(Beginning of RAW DATA)

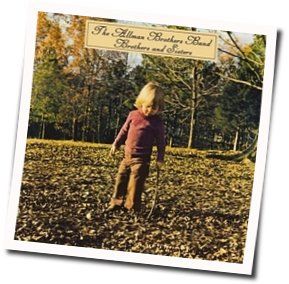 Wasted Words by The Allman Brothers Band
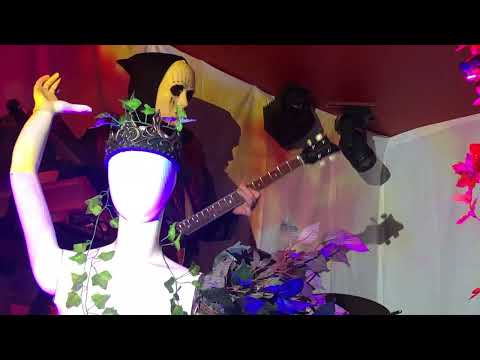 Arthur Brown - Mad Witch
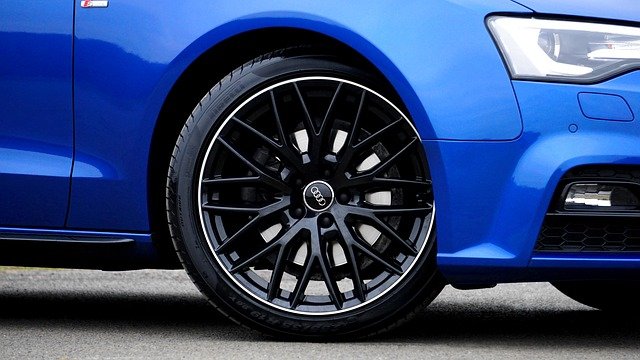 Free download car audi wheel alloy automotive free picture to be edited with GIMP free online image editor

(End of RAW DATA)

WHAT YOU WILL DO -> Your answer must be the lines from the one containing "Arthur Brown - Mad Witch" through the last line of the listing above, restated word for word, with no pictures.

SOLUTION TO THIS TASK ->
 Arthur Brown - Mad Witch
 Free download car audi wheel alloy automotive free picture to be edited with GIMP free online image editor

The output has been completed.